START Records shown
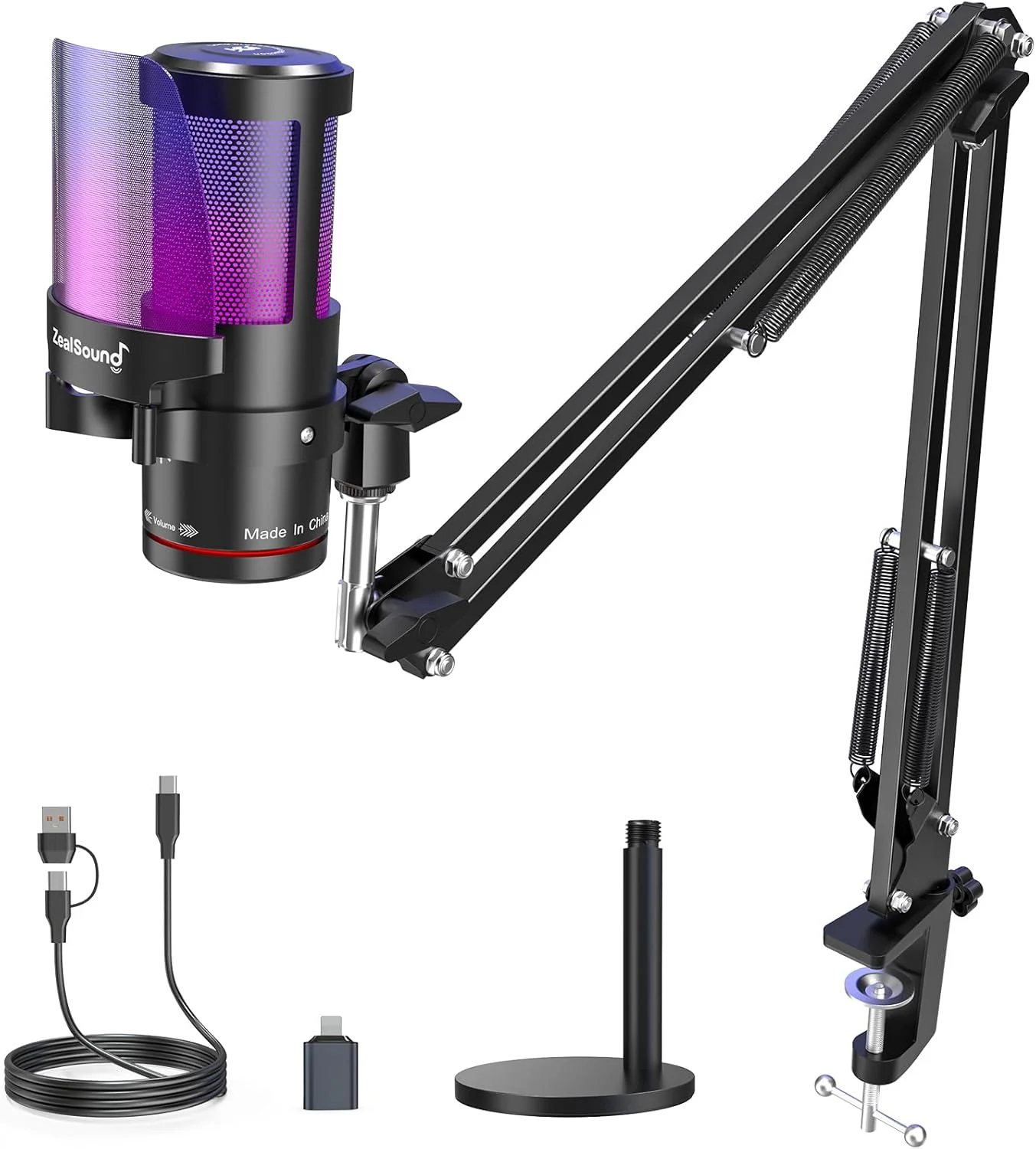 میکروفون USB گیمینگ ZealSound KM8S با قابلیت حذف نویز، میکروفون کاندنسر با لمس برای قطع صدا، کنترل گین، مانیتورینگ، بازوی بوم برای استریمینگ، پادکست، توییچ، یوتیوب، دیسکورد، آیفون، آیپد، کامپیوتر، PS4، PS5، مک، گیمر ویو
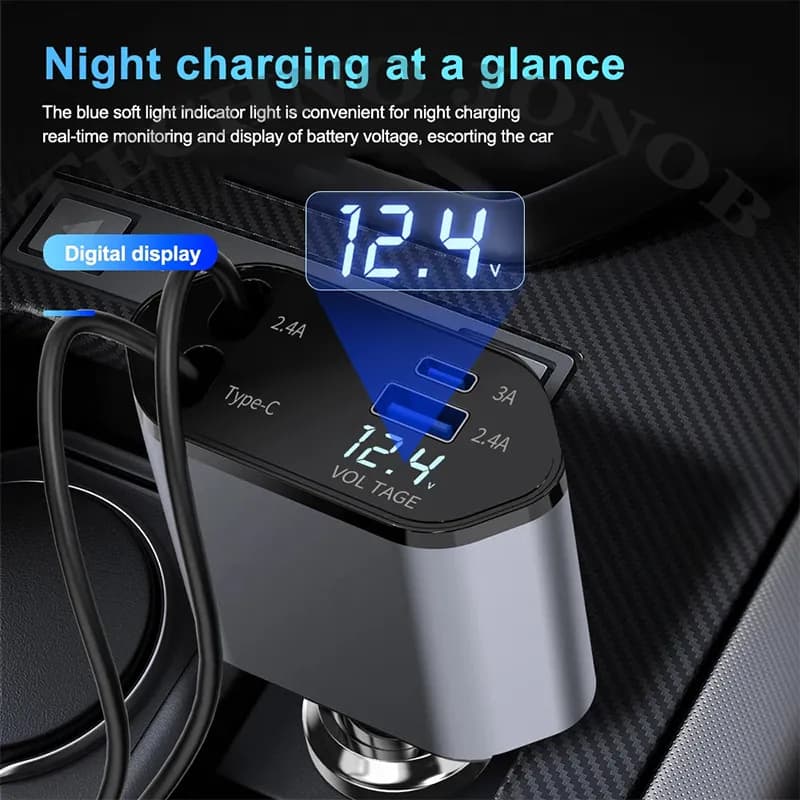شارژر فندکی خودرو فست شارژ 66 وات | Fast Charging — تصویر ۴
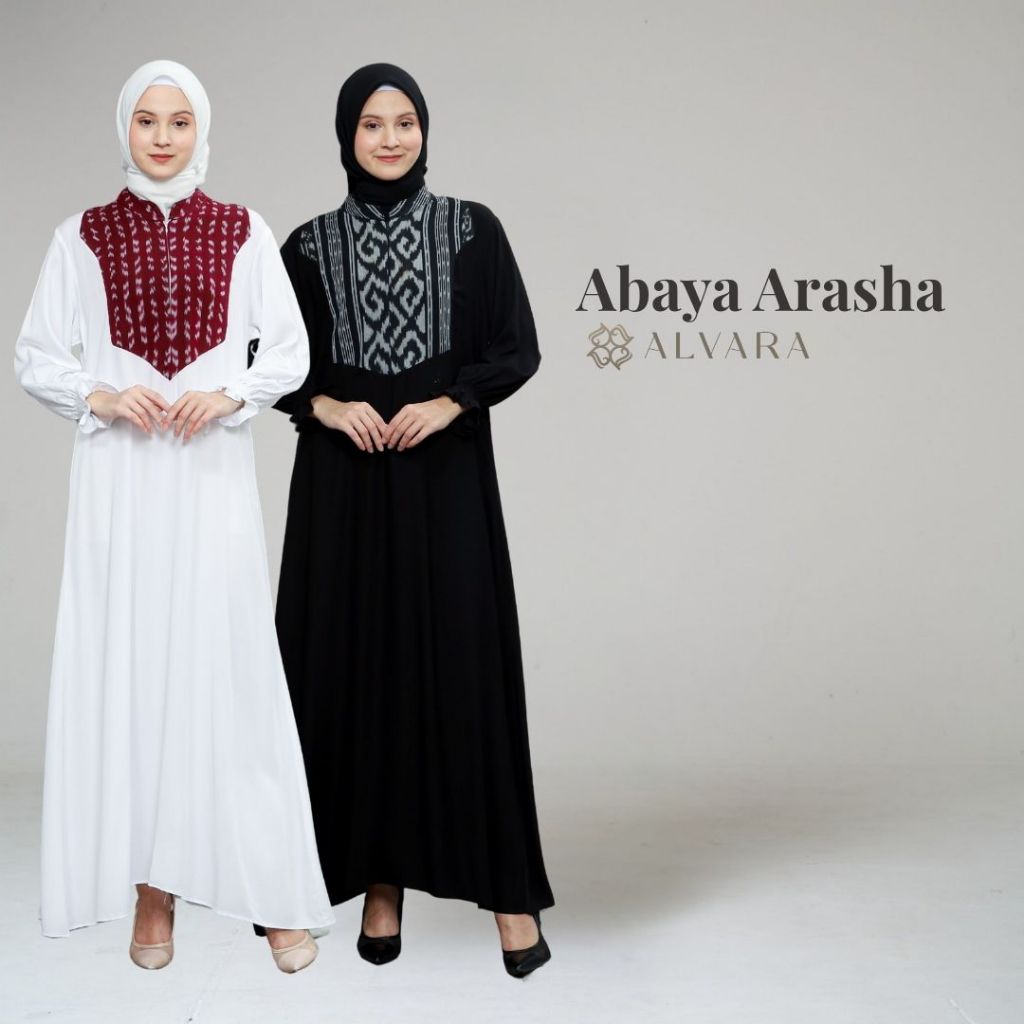 ALVARA Arasha Abaya Hitam Mewah Elegan Gamis Putih Motif Batik Baju Kondangan Terbaru Big Size Jumbo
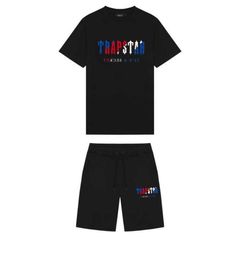 Herren-T-Shirt mit Trapstar-Stickerei, kurzärmeliges Outfit, Chenille-Trainingsanzug, schwarze Baumwolle, London, Streetwear, Größe S-2XL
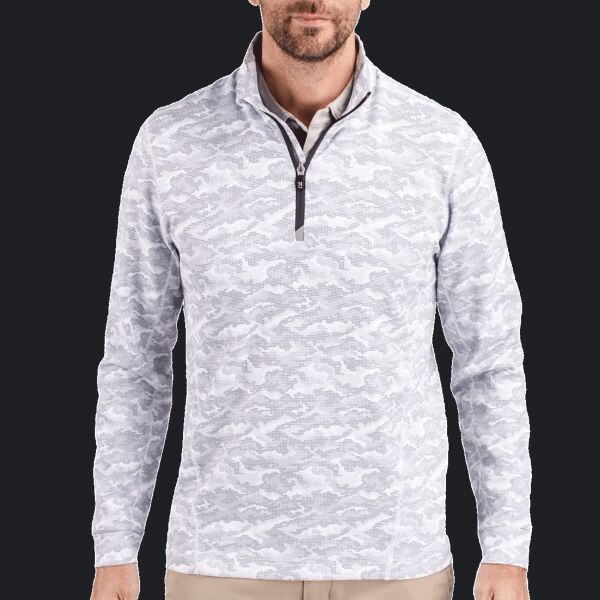Cutter & Buck Traverse Camo Print Stretch Quarter Zip Mens Pullover Thumbnail
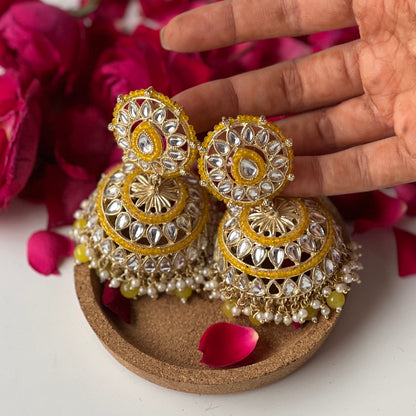 Anira Kundan Yellow Jhumkas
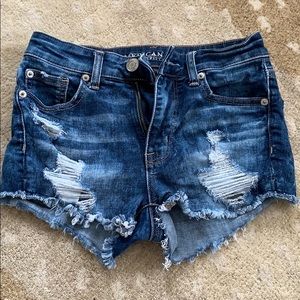 American eagle ripped jean shorts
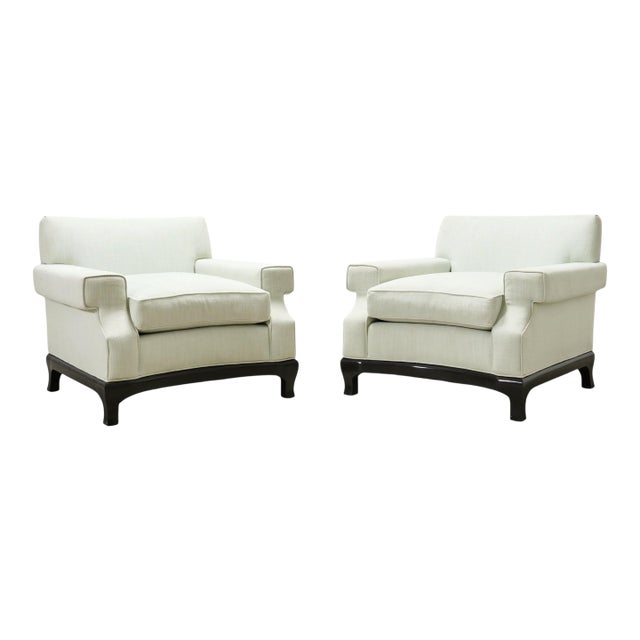 Pair of A. Rudin 619 Modern Ebonized Ming Style Lounge Chairs For Sale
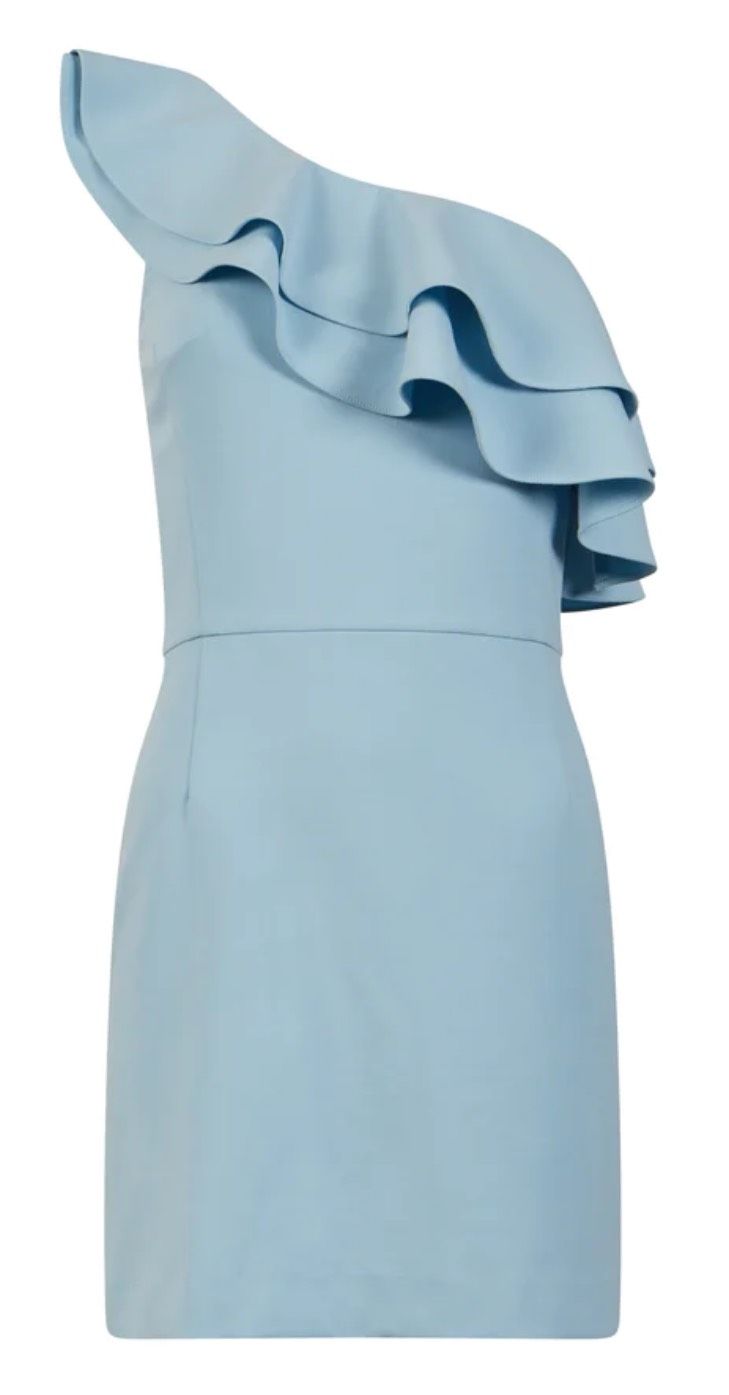 Size 6 One Shoulder Blue Cocktail Dress on Queenly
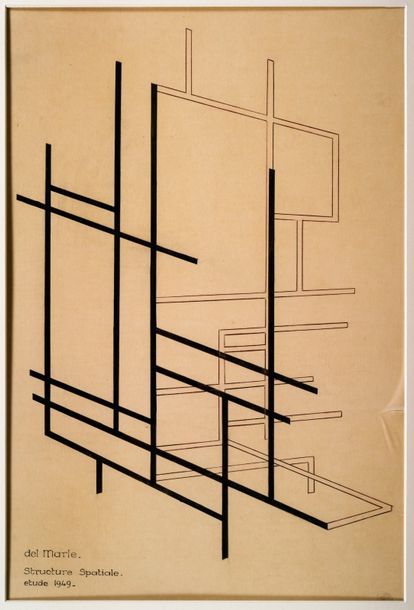 Felix del Marle (1889-1952) Structure spatiale, 1949
Encre sur papier
Signé, dat&hellip;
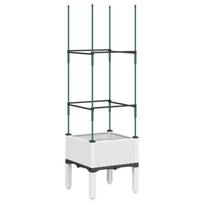 vidaXL Sodo lovelis su treliažu, baltos spalvos, 40x40x142,5cm, PP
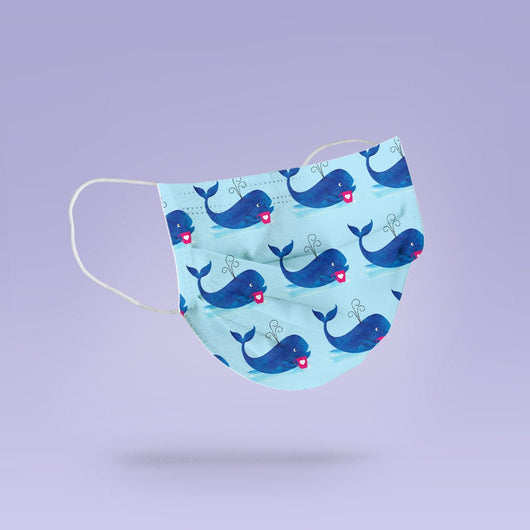 Washable & Reusable Cloth Blue Whale Face Mask Cover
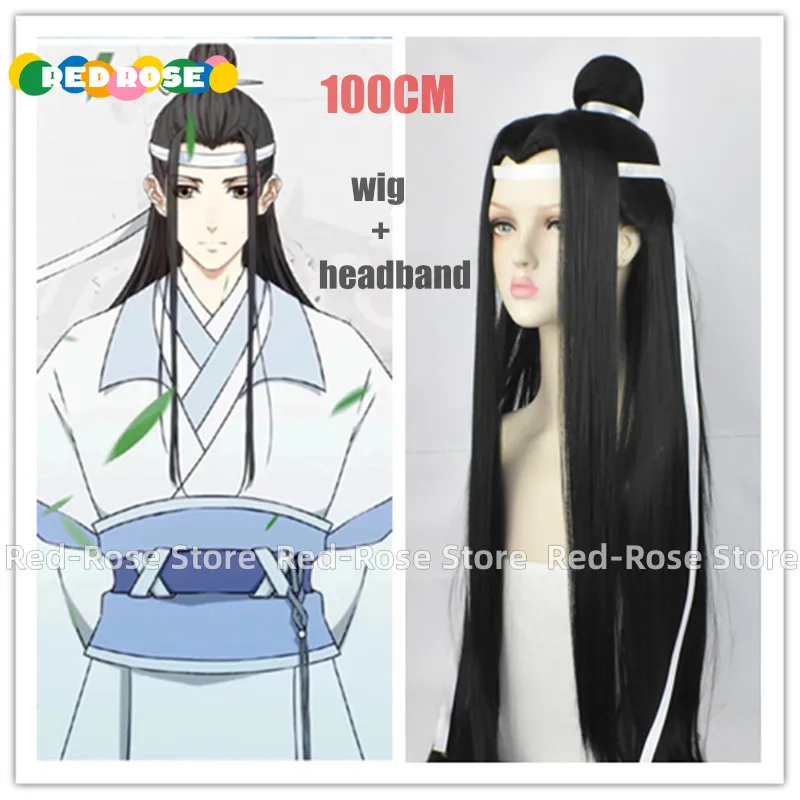 Perruque de Cosplay de Dessin Animé Mo Dao Zu Shi Lan Wangji, le Grand Maître de la Culture Démoniaque, Accessoires Hanfu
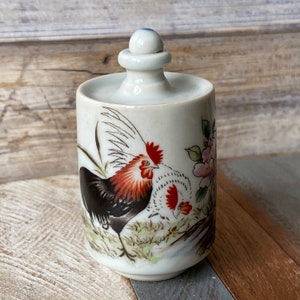 Vintage Chinese Porcelain Snuff Bottle Hand Painted with Rooster and Peonies Signed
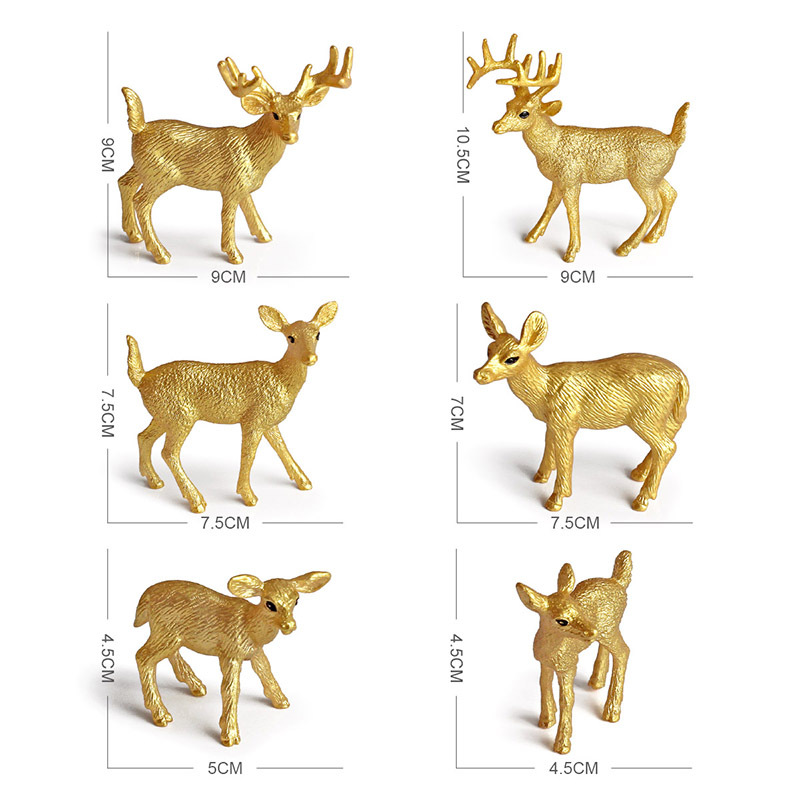 Transfronterizo nuevos niños educativos de bosque sólido animal oro blanco cola ciervo seis piezas modelo juguete regalo Decoración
END Records shown
Problem requirements -> Would it be possible to give the material above again exactly, with the pictures left out?

Task result ->
 میکروفون USB گیمینگ ZealSound KM8S با قابلیت حذف نویز، میکروفون کاندنسر با لمس برای قطع صدا، کنترل گین، مانیتورینگ، بازوی بوم برای استریمینگ، پادکست، توییچ، یوتیوب، دیسکورد، آیفون، آیپد، کامپیوتر، PS4، PS5، مک، گیمر ویو
شارژر فندکی خودرو فست شارژ 66 وات | Fast Charging — تصویر ۴
 ALVARA Arasha Abaya Hitam Mewah Elegan Gamis Putih Motif Batik Baju Kondangan Terbaru Big Size Jumbo
 Herren-T-Shirt mit Trapstar-Stickerei, kurzärmeliges Outfit, Chenille-Trainingsanzug, schwarze Baumwolle, London, Streetwear, Größe S-2XL
Cutter & Buck Traverse Camo Print Stretch Quarter Zip Mens Pullover Thumbnail
 Anira Kundan Yellow Jhumkas
 American eagle ripped jean shorts
 Pair of A. Rudin 619 Modern Ebonized Ming Style Lounge Chairs For Sale
 Size 6 One Shoulder Blue Cocktail Dress on Queenly
 Felix del Marle (1889-1952) Structure spatiale, 1949
Encre sur papier
Signé, dat&hellip;
 vidaXL Sodo lovelis su treliažu, baltos spalvos, 40x40x142,5cm, PP
 Washable & Reusable Cloth Blue Whale Face Mask Cover
 Perruque de Cosplay de Dessin Animé Mo Dao Zu Shi Lan Wangji, le Grand Maître de la Culture Démoniaque, Accessoires Hanfu
 Vintage Chinese Porcelain Snuff Bottle Hand Painted with Rooster and Peonies Signed
 Transfronterizo nuevos niños educativos de bosque sólido animal oro blanco cola ciervo seis piezas modelo juguete regalo Decoración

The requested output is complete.